[Source information]
********
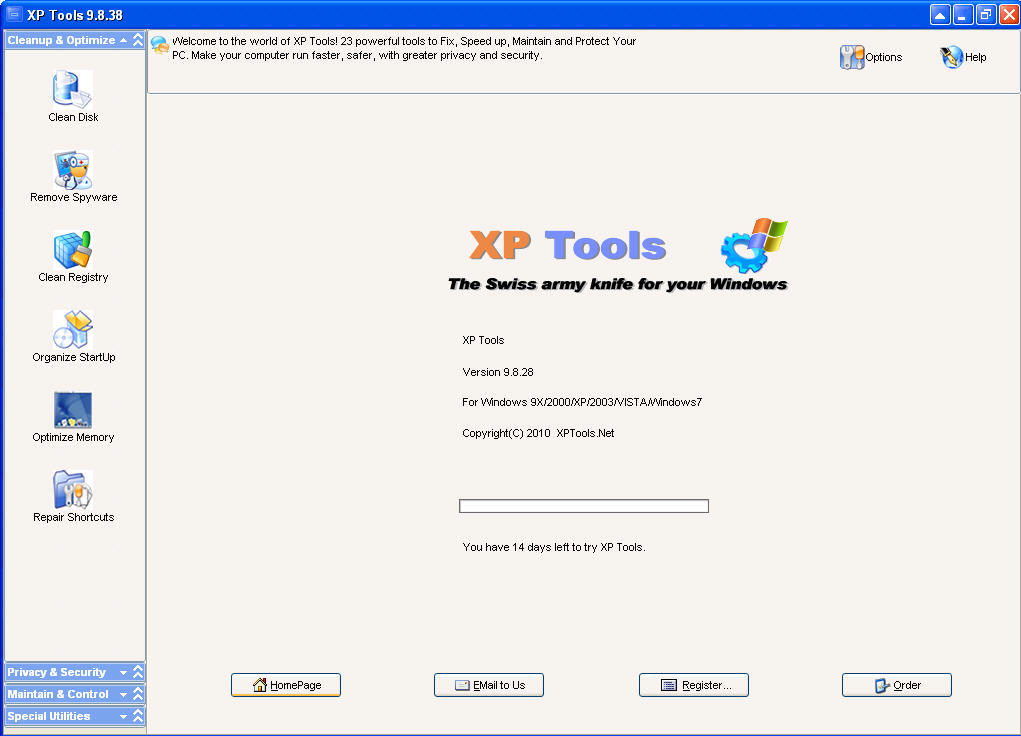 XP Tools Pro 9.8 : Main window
********
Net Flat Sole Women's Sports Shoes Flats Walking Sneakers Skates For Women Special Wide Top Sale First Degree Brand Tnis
********
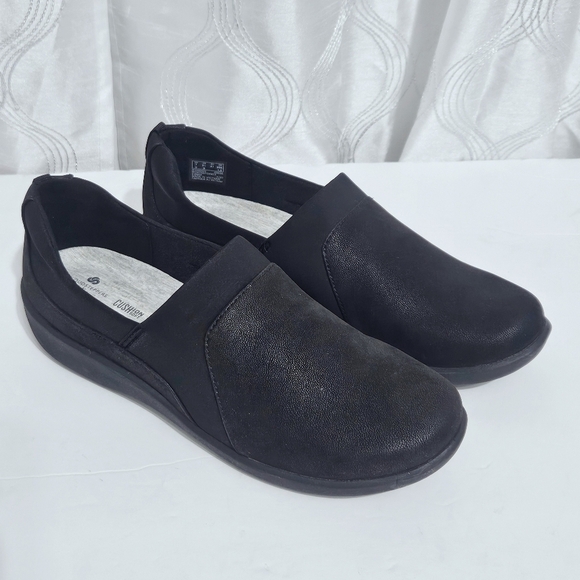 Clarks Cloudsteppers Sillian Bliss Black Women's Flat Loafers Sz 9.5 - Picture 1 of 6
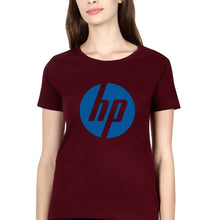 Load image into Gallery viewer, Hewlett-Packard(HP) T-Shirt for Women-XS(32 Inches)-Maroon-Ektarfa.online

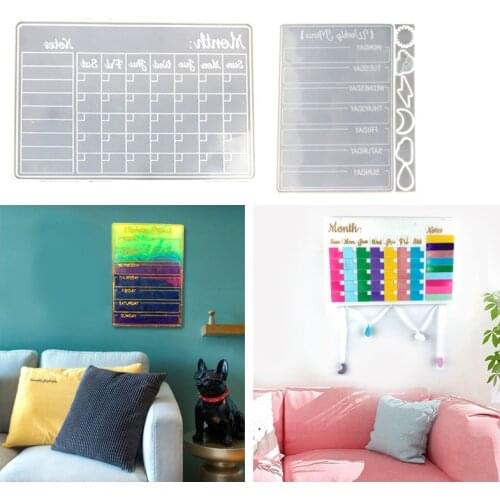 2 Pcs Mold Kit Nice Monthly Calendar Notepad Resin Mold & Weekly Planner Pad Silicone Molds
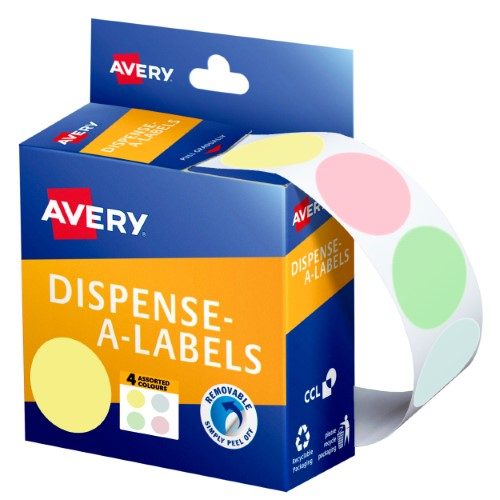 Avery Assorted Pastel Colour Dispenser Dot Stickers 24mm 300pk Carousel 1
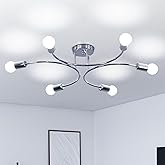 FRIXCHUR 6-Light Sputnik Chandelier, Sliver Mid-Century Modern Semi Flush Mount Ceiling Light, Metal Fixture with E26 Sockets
********
[Try it]
Using the entries above, write out exactly the lines from the one with "Avery Assorted Pastel" through the one with "FRIXCHUR 6-Light Sputnik", ends included. Leave out any pictures.

[Answer to this task]
 Avery Assorted Pastel Colour Dispenser Dot Stickers 24mm 300pk Carousel 1
 FRIXCHUR 6-Light Sputnik Chandelier, Sliver Mid-Century Modern Semi Flush Mount Ceiling Light, Metal Fixture with E26 Sockets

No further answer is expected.